**Action item**
Go over the records and copy every line with the string "image".
--- START ---
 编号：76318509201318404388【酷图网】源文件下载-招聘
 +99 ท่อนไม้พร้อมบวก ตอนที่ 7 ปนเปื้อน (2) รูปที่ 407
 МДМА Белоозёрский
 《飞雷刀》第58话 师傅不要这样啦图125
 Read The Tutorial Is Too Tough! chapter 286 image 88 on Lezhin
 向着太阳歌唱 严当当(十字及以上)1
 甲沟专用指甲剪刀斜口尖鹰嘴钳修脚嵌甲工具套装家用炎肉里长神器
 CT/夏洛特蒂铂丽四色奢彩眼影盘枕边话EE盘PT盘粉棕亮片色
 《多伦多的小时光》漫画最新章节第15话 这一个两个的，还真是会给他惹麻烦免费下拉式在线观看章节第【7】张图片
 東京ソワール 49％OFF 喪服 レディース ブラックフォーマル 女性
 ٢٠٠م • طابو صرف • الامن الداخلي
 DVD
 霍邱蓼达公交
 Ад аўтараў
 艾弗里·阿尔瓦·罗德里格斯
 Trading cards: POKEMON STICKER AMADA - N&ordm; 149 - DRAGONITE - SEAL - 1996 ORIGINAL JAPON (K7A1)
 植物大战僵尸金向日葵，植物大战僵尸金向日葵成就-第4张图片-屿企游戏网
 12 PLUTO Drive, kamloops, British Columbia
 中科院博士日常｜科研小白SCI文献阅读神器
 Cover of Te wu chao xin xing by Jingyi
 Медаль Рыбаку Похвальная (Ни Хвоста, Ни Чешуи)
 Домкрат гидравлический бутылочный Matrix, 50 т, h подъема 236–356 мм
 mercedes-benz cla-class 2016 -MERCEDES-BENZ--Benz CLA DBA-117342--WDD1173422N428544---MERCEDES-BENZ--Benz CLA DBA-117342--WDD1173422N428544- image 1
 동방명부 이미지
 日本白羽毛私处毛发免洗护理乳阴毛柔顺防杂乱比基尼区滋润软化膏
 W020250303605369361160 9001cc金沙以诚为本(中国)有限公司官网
--- END ---
**Response for this exercise**
 Read The Tutorial Is Too Tough! chapter 286 image 88 on Lezhin
 mercedes-benz cla-class 2016 -MERCEDES-BENZ--Benz CLA DBA-117342--WDD1173422N428544---MERCEDES-BENZ--Benz CLA DBA-117342--WDD1173422N428544- image 1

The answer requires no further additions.